I knocked on her apartment door. When Debbie answered and saw who it was she tried to slam it shut. I was a bit faster and had my foot and shoulder past the door before she could close it. “Get out,” she told me, “I don’t have to talk to you.”

“Just one question,” I said quietly, not wanting to rouse any helpful neighbors who might call the county police. “What did you do with the gun?”

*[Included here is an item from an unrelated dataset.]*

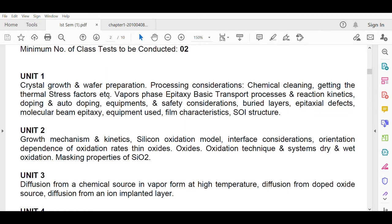When actually preparing the IC you need a list of requirements: features like power, area, temperature, and various other factors. Also covered in unit one are vapor phase epitaxy, basic transport process and reaction kinetics, doping, auto-doping, equipment, safety considerations, buried layer, epitaxial defects, molecular beam epitaxy equipment, film characteristics, and SOI structure.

“I didn’t…” she started to deny it, then looked at my face. “You know, don’t you?” I nodded and she let me in.
She gave it all up––what she did, what happened to the gun, all of it. “What happens now?” she asked when she was through.
“I honestly don’t know,” I told her before leaving.

Foreman lived with his sister in a housing development on 33rd St, near where Memorial Stadium used to be before Baltimore’s sports teams moved downtown. On the way there from the station I stopped at Lake Montibello. How, I thought, looking at the placid waters of the lake, did she get the gun past the police? They would have searched her, the cars, the house. Where did she hide it? No matter, every house has a dozen hiding places known only to its occupants. It didn’t matter either that the gun was now resting somewhere at the bottom of the lake. Let it lay there. No one needed it.

Foreman was waiting for me. “You have news?” he asked, as excited as his kind can get.

“I know who killed you,” I told him. We sat down. I took out a sealed envelope. “Before I give you this, what are you going to do after you open it?”

He thought a moment. “I, I don’t know.”
“No ‘Revenge of the Zombie’ plans?”
“No. I think that I just want to know.”